Further photographs are said to depict sexual assaults on prisoners with objects including a truncheon, wire and a phosphorescent tube."
The Pentagon issued a statement the next day, reprinted from this Reuters article:
"That news organization has completely mischaracterized the images," [Pentagon spokesman Bryan Whitman] told reporters. "None of the photos in question depict the images that are described in that article." [emphasis added] White House spokesman Robert Gibbs added, "I think if you do an even moderate Google search you're not going to find many of these newspapers and truth within, say, 25 words of each other... ."

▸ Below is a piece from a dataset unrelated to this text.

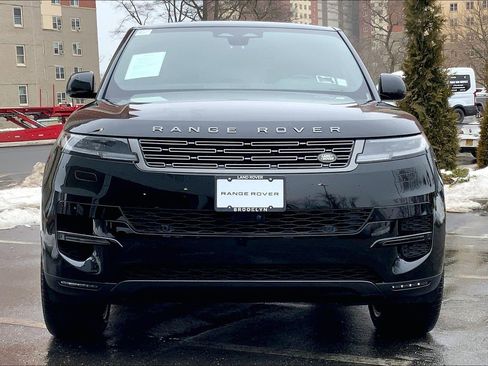 Used 2024 Land Rover Range Rover Sport SE image 2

After parsing the language, these aren't exactly strongly worded denials. The White House says that the photos "in question" are those subject to the ACLU's pending lawsuit. They claim these photos in particular do not depict rape. However, it does not establish, or even claim that US soldiers and/or contractors did not rape anyone. It doesn't even confirm that no photos/videos of such conduct exist. In fact, it appears that they do, or at least did at one point.
"In an interview with the New Yorker magazine published in 2007, [Major General Antonio] Taguba [the officer in charge of the Abu Ghraib investigation] was quoted as saying that he saw a video of a male American soldier in uniform sodomizing a female detainee." - Reuters Article
Where is that video? I'm pretty sure that hasn't been released. And where is the rapist? If there's video footage of a soldier committing a rape, I sure as hell hope they prosecuted him. If they have, why hasn't anyone heard about it?
While they can nitpick over whether the specific photos subject to the lawsuit show rape, it seems pretty clear that photos and videos of such incidents exist, and that these things did happen.
We can argue over whether waterboarding is torture, but I don't know many people who support rape. Then again, Sean Hannity might refer to it as Extreme Double-Dog Enhanced Interrogation Techniques.